▶ **Exercise details**:
Each entry is to be reproduced verbatim, and images are to be omitted.

Phrase grounding data:
=-=-=-=-=
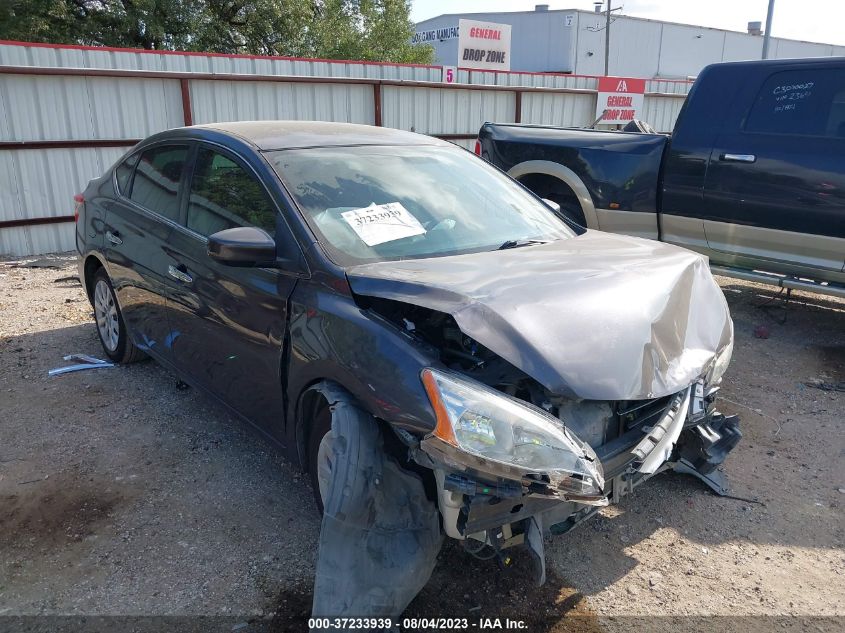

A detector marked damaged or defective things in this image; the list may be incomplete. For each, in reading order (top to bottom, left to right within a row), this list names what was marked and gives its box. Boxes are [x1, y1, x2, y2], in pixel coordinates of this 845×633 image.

crumpled fender [310, 392, 442, 620]
damaged gray sedan [77, 119, 740, 616]
broken headlight [418, 368, 604, 502]
broken headlight [704, 340, 732, 386]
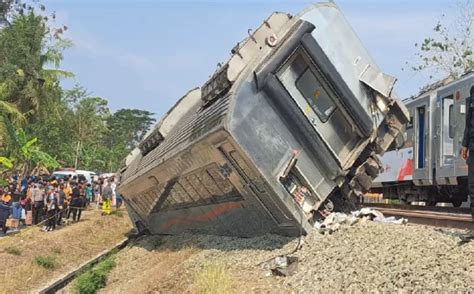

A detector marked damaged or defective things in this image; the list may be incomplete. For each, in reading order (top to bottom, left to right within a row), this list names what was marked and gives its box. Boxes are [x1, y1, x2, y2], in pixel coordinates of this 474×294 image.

damaged train [116, 2, 410, 237]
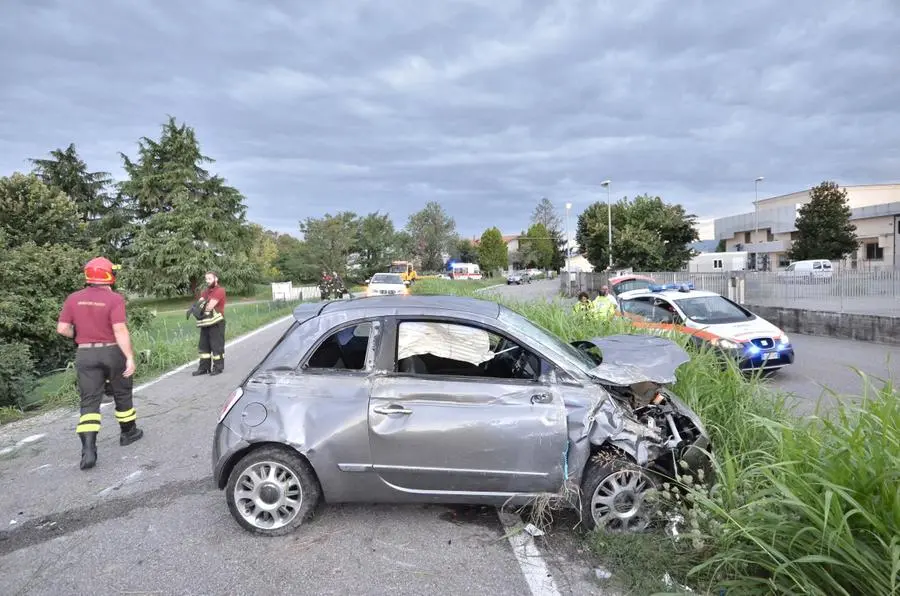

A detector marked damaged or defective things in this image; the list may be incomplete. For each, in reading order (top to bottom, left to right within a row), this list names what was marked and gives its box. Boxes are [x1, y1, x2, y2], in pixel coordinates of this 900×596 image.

crashed gray fiat 500 [211, 294, 712, 536]
damaged car door [368, 318, 568, 496]
shattered windshield [500, 308, 596, 372]
crumpled front hood [572, 332, 692, 384]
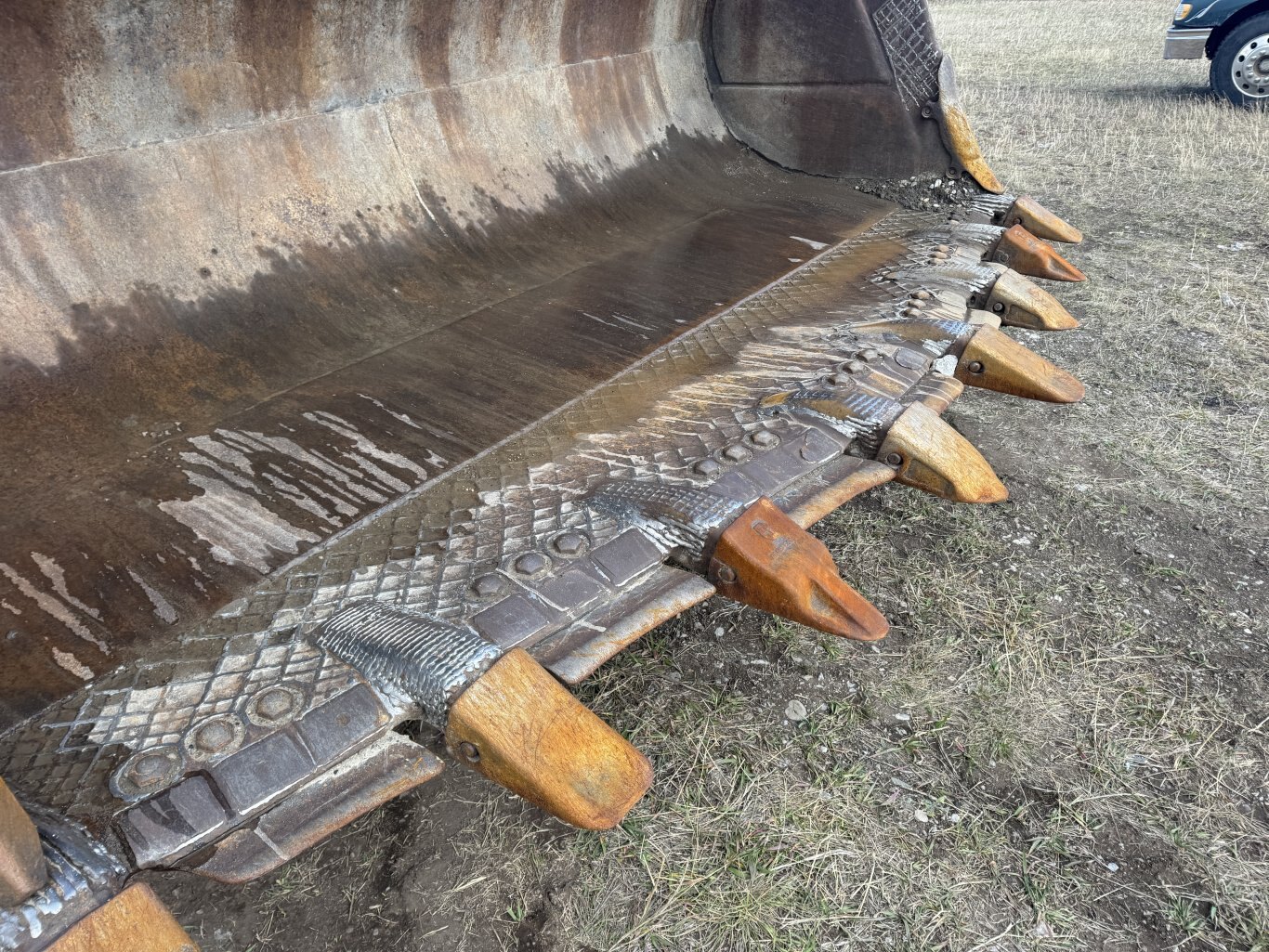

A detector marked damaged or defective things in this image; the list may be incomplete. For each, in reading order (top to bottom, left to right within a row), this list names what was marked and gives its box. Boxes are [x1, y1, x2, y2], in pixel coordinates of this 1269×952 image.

rust [996, 225, 1092, 280]
rust [959, 325, 1085, 403]
rust [710, 494, 888, 643]
rust [0, 776, 45, 903]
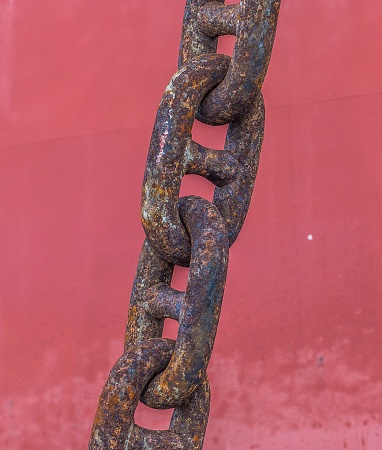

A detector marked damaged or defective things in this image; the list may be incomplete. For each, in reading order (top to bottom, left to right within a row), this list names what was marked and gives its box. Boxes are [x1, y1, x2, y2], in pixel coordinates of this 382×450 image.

corroded surface [89, 0, 280, 446]
rusty chain [89, 1, 280, 448]
rust oxidation [89, 1, 280, 448]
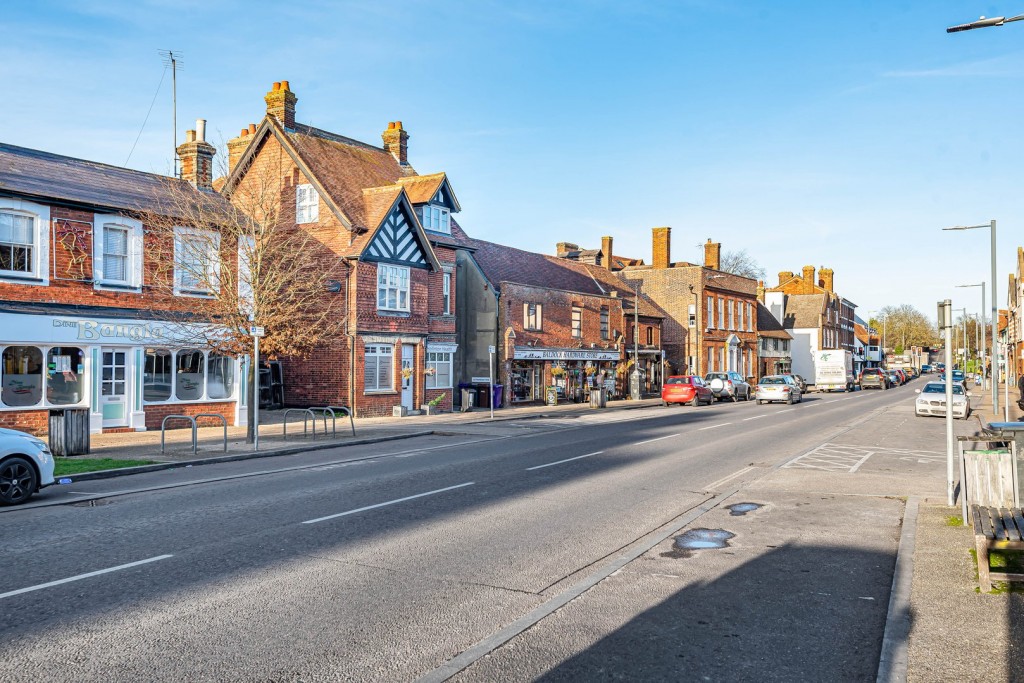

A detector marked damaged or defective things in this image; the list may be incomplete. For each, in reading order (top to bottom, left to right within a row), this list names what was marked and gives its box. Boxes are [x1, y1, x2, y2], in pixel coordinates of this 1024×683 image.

pothole [660, 528, 732, 560]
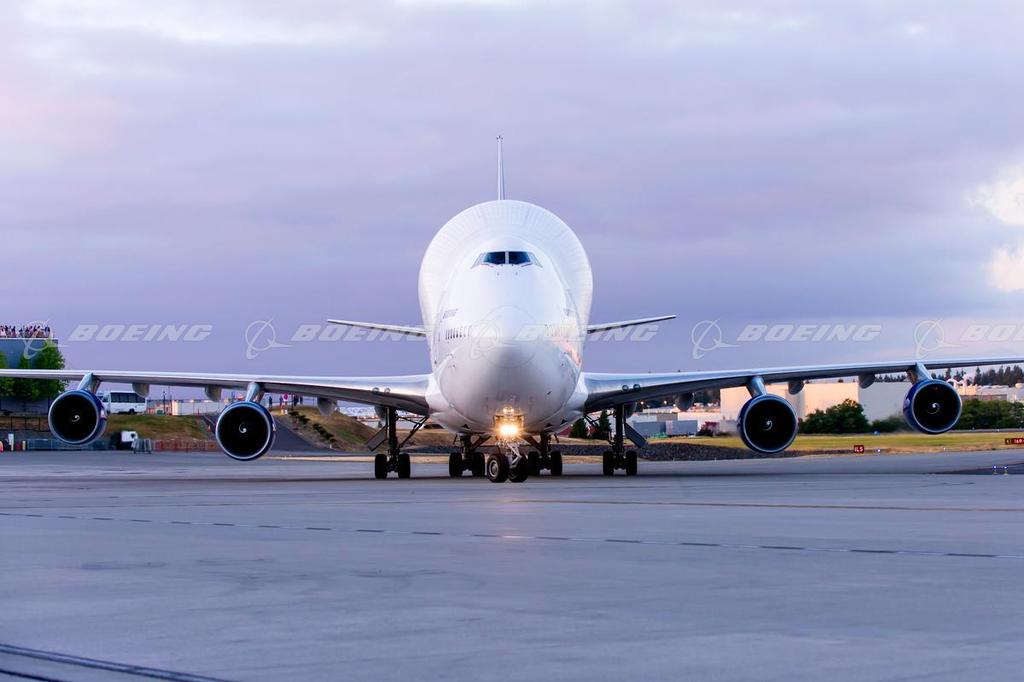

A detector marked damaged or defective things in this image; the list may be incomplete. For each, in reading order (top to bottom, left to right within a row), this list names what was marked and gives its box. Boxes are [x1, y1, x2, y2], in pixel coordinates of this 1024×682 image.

pavement crack line [2, 507, 1024, 561]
=-=-=-=-=
▶ **Answer space**:
A detector marked damaged or defective things in this image; the list may be incomplete. For each, in reading order (top to bottom, left to right within a row), this list names what was marked and gives its box. Boxes are [x1, y1, x2, y2], in pixel coordinates of this 845×633 image.

crumpled fender [310, 392, 442, 620]
damaged gray sedan [77, 119, 740, 616]
broken headlight [418, 368, 604, 502]
broken headlight [704, 340, 732, 386]

A detector marked damaged or defective things in this image; the list may be incomplete. For each, in reading order (top to bottom, left to right within a row), this list names what was marked and gives its box. Boxes are [x1, y1, x2, y2], in pixel coordinates of this 474×294 image.

damaged train [116, 2, 410, 237]

A detector marked damaged or defective things in this image; the list may be incomplete. For each, in reading order (top to bottom, left to right within a row), this list names what was marked and gives its box. Boxes are [x1, y1, x2, y2], in pixel coordinates of this 900×596 image.

crashed gray fiat 500 [211, 294, 712, 536]
damaged car door [368, 318, 568, 496]
shattered windshield [500, 308, 596, 372]
crumpled front hood [572, 332, 692, 384]

A detector marked damaged or defective things in this image; the list may be incomplete. For each, in reading order (top to bottom, left to right within a row), this list names what was marked and gives its box. Boxes are [x1, y1, x2, y2], in pixel coordinates of this 1269×952 image.

rust [996, 225, 1092, 280]
rust [959, 325, 1085, 403]
rust [710, 494, 888, 643]
rust [0, 776, 45, 903]

A detector marked damaged or defective things in this image; the list may be incomplete. For each, in reading order (top to bottom, left to right within a row), this list names what was marked and gives its box. Boxes are [x1, y1, x2, y2], in pixel coordinates of this 382×450 image.

corroded surface [89, 0, 280, 446]
rusty chain [89, 1, 280, 448]
rust oxidation [89, 1, 280, 448]

A detector marked damaged or defective things in this image; the list may be incomplete. For each, in reading order (top to bottom, left to right within a row), this list names what was marked and gives its box. Boxes are [x1, y1, x2, y2], in pixel coordinates of this 1024×683 image.

pothole [660, 528, 732, 560]

A detector marked damaged or defective things in this image; the list may be incomplete. For each, in reading order (top to bottom, left to right within a row), this list names what was marked and gives its box. Boxes are [x1, y1, x2, y2], in pixel coordinates of this 1024×682 image.

pavement crack line [2, 507, 1024, 561]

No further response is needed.